*Stored records:*
-- -- --

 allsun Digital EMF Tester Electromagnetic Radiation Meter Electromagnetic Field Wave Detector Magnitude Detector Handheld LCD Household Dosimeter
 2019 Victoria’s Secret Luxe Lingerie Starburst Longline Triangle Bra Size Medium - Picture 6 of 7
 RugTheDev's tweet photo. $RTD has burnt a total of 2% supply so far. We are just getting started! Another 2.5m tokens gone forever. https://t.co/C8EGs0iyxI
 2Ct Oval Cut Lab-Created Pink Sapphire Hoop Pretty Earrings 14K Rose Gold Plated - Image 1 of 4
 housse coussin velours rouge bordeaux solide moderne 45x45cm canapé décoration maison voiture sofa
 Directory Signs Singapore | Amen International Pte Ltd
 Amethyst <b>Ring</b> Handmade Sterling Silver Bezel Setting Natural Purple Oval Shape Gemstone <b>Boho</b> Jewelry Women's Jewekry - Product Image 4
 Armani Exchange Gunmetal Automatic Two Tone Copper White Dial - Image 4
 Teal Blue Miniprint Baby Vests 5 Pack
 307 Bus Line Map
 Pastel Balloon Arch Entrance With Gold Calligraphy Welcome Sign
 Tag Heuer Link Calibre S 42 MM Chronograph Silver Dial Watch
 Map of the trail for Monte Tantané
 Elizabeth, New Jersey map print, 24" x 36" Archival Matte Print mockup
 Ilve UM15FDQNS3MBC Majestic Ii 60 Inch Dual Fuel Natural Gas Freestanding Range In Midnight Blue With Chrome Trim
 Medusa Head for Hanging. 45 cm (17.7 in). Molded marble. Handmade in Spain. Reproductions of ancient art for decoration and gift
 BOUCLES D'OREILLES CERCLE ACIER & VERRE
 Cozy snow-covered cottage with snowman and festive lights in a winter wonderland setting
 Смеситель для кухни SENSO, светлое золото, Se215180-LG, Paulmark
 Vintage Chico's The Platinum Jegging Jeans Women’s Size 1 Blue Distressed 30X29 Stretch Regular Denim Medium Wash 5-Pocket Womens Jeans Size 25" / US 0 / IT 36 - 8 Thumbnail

-- -- --

*EXERCISE:* Among the records, find the lines that contain "Gold" and copy each of them.

*OUTPUT OF THE EXERCISE:*
 2Ct Oval Cut Lab-Created Pink Sapphire Hoop Pretty Earrings 14K Rose Gold Plated - Image 1 of 4
 Pastel Balloon Arch Entrance With Gold Calligraphy Welcome Sign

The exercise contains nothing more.